A Ecologia Profunda: O Trabalho que Reconecta (TQR)

Dando continuidade à série Ecologia Profunda, neste artigo apresento O Trabalho que Reconecta, formulado por Joanna Macy.


Introduzo as motivações para o desenvolvimento deste modelo, a proposta concreta e os recursos que têm sido criados para que, individualmente e em comunidade, possamos dar corpo à Ecologia Profunda. Como proposta inspiracional partilho o vídeo The Great Turning, com Joanna Macy.


O Trabalho que Reconecta


Inspirada no Budismo e na Teoria Geral dos Sistemas, Joanna Macy, ativista doutorada em Ecofilosofia, tem vindo, no curso da sua longa vida (conta hoje com 95 anos), a traçar uma sui generis síntese entre os contributos da sabedoria espiritual oriental e a ciência ocidental contemporânea. O Trabalho que Reconecta é fruto desta bela fusão.


Como resposta ao que considerou serem as lacunas do movimento ecologista, nomeadamente a tendência para permanecer na visão crítica, na angústia e insatisfação face à crise ecológica, Macy colocou o foco no compromisso ético alicerçado na acção concreta, direccionada e no acolher o sofrimento e a incerteza, viver o luto deste processo como passos incontornáveis para seguir caminho enraizado, modelador do futuro.


Nesta proposta, a ética resulta de uma atitude profundamente reflexiva e produz os seus efeitos na vida concreta e interdependente, nos cenários onde somos parte, tal como uma planta não se dissocia da paisagem onde se insere, ela gera essa mesma paisagem, como minuciou o filósofo artista Emanuele Coccia (2019) em A Vida das Plantas.


O TQR é um modelo teórico-prático colaborativo, orientado para a mudança pessoal e social, difundido em contextos grupais em diversos países do mundo, suportado por uma rede de facilitadores que dinamizam regularmente workshops e formações.


Este itinerário profundamente vivencial apoia-se em exercícios, que nos convidam proactivamente a percorrer as etapas da Espiral do TQR, criando condições para que possamos, como células vivas de um corpo maior ao qual pertencemos, sentir e ecoar a dor do mundo (Macy, 2010).
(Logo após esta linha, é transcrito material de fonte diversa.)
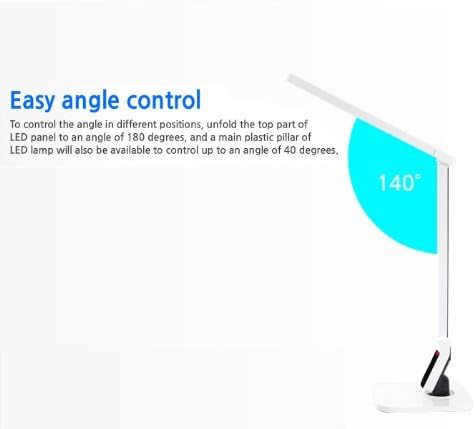Softech - Интелигентна led лампа естествено осветление с наклоняемой глава-Бяло (4 режима на осветление, 5 нива, по-слаби, тъчпад, управление, автоматичен таймер за 1 час, USB порт за зареждане На 5v /1,5 А, зарядно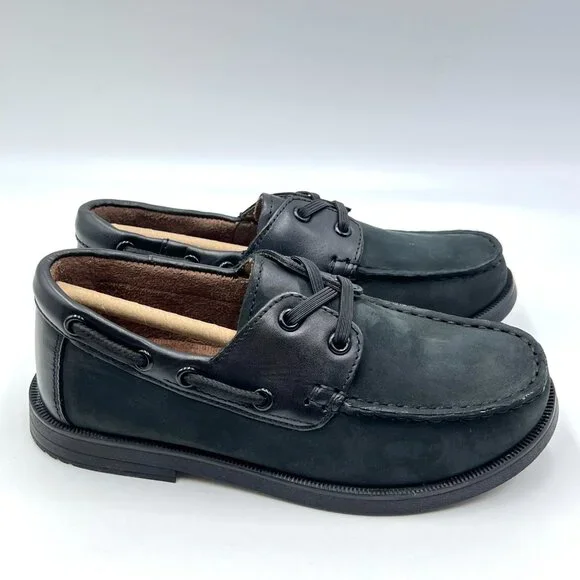 Florsheim Boys Size 1.5 Black Nubuck Leather Penny‎ Loafers Dress Boat Shoes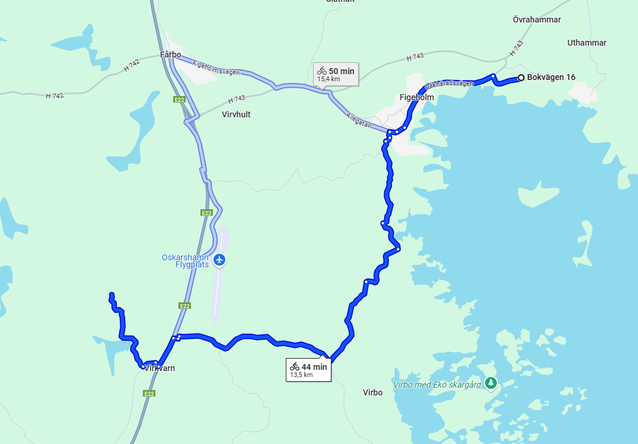 Radweg oder Wanderweg nach Stensjö by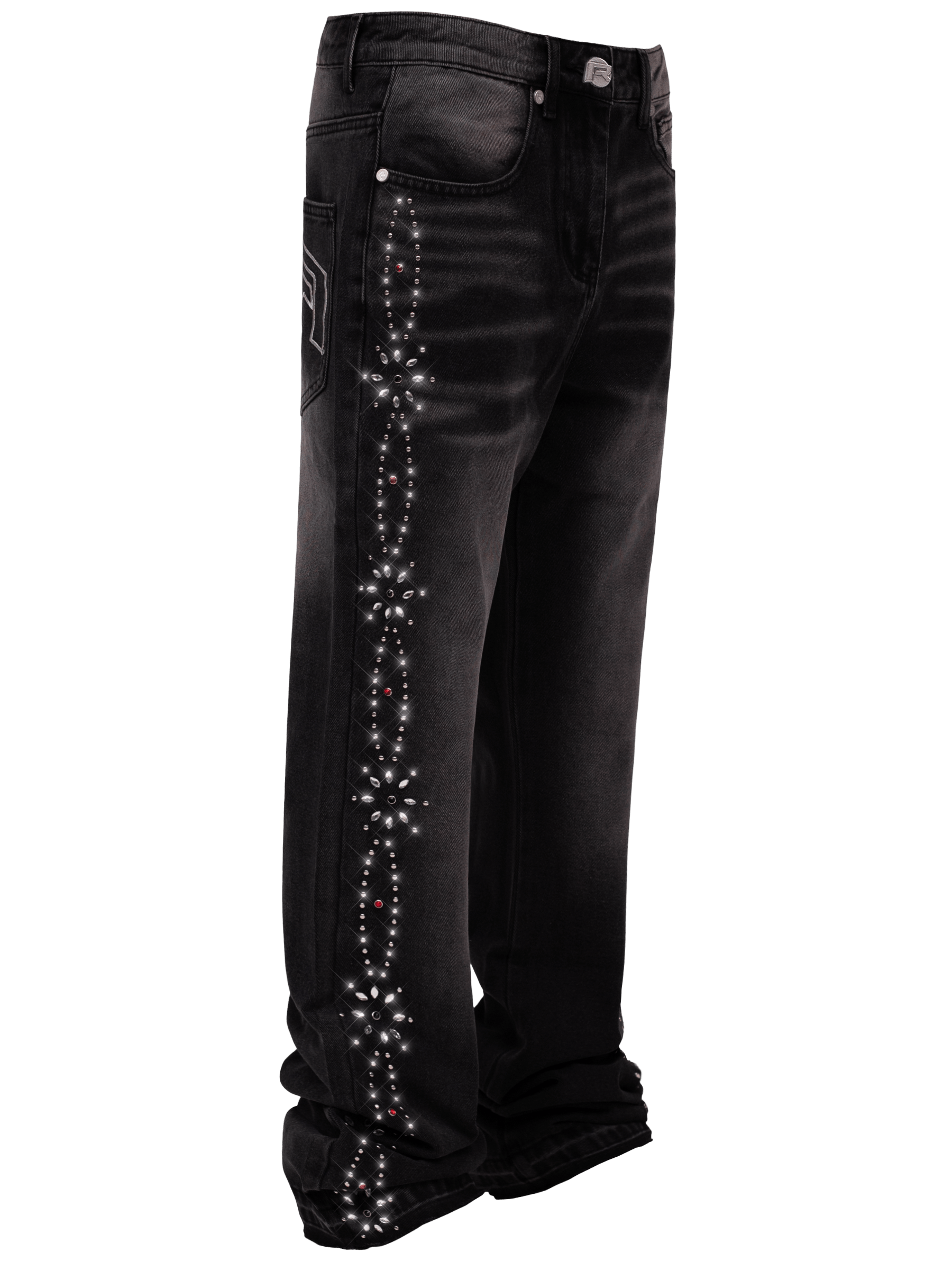 Embellish Pattern Denim - Black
A Espiral da Ecologia Profunda


Na proposta explicitada pelo TQR, as várias dinâmicas práticas têm em comum serem vivenciadas numa lógica espiral e fractal - representada por uma planta, taraxacum officinale, conhecida como dente de leão - que atravessa quatro fases:


  1. A gratidão;

  2. Honrar a nossa dor;

  3. Ver com novos olhos;

  4. Seguir caminho.


Gratidão


A espiral enraíza-se na gratidão, que abre o coração- agradecer a todos os seres e sistemas que geram e nutrem a vida-criando espaço para acolher a dádiva da vida, a beleza, o amor, a dor, e fortalecer a confiança nessa terra lavrada e fértil.


Honrar a nossa dor


Vislumbrando o medo, a angústia, a tristeza, a raiva que sentimos face à crise no mundo como respostas naturais, imbricadas no âmago da nossa identidade, plasmada na interconexão com todos os seres.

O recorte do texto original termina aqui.